It was then that British television network, ITV, sniffed it out as a potentially good story and invited Dan Richards for a discussion on their talk show, This Morning. They had a serious and controversial back-and-forth with him about the ethics and implications of the company’s practice and its concept, while he stood by the principles and explained its appeal.
Publications in the mainstream media, including The Telegraph and The Sun in the UK, fell for it and ran with the story. Portals in the US, China and Australia followed suit and all appeared well and legit, except for a heightened sense of suspicion.
It was only then that 2LE Media, the company behind the flop of an organisation, announced that the entire story was a hoax and Dan Richards was nothing more than a professional actor hired as part of the sham.
“Fame Daddy is not a real organisation. In fact it’s entirely made up, and is part of a satirical comedy/entertainment programme that we are producing for Channel 4,” they said in an emailed statement.
Kipp could only imagine the embarrassment that ITV and other major publications faced after having published this seemingly credible yet controversial story, and having to issue apologies to the audience they mislead.

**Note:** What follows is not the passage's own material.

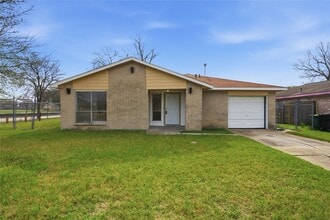 Building Photo - 12203 Cape Hyannis Dr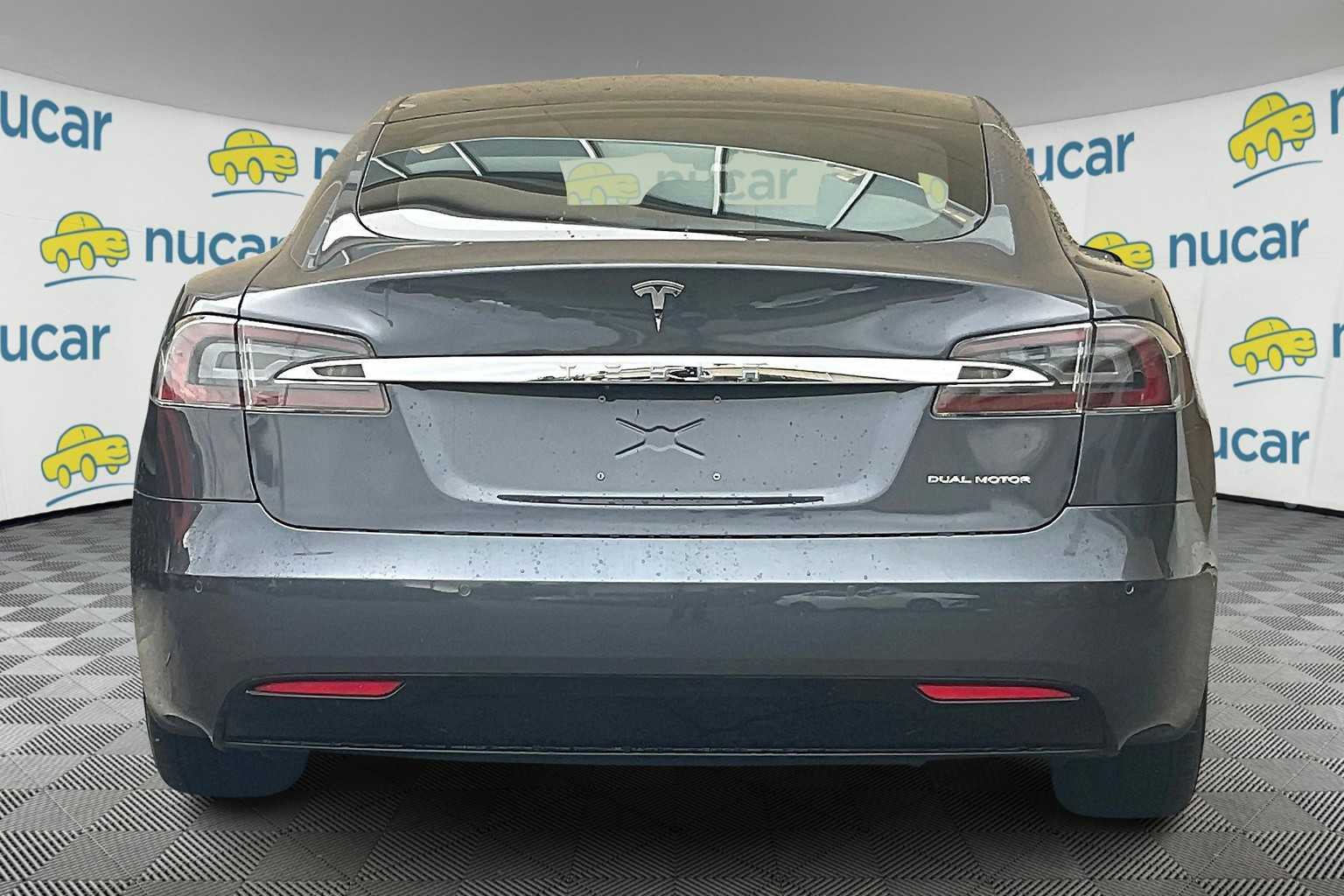 2020 Tesla Model S Long Range - Photo 5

But, it does have a silver lining for both journalists and the general public.
There have been many global rumours that turned out to be hoaxes. This habit of creating satirical news to either entertain or fool the public is not a new concept. Normally, it’s in good fun and nobody gets hurt. However, Kipp likes this particular one because the company actually had a message to send across. They had a motive and an important point to make. “There is a serious side to the programme in that it aims to highlight the sometimes detrimental impact of social media on our news culture.”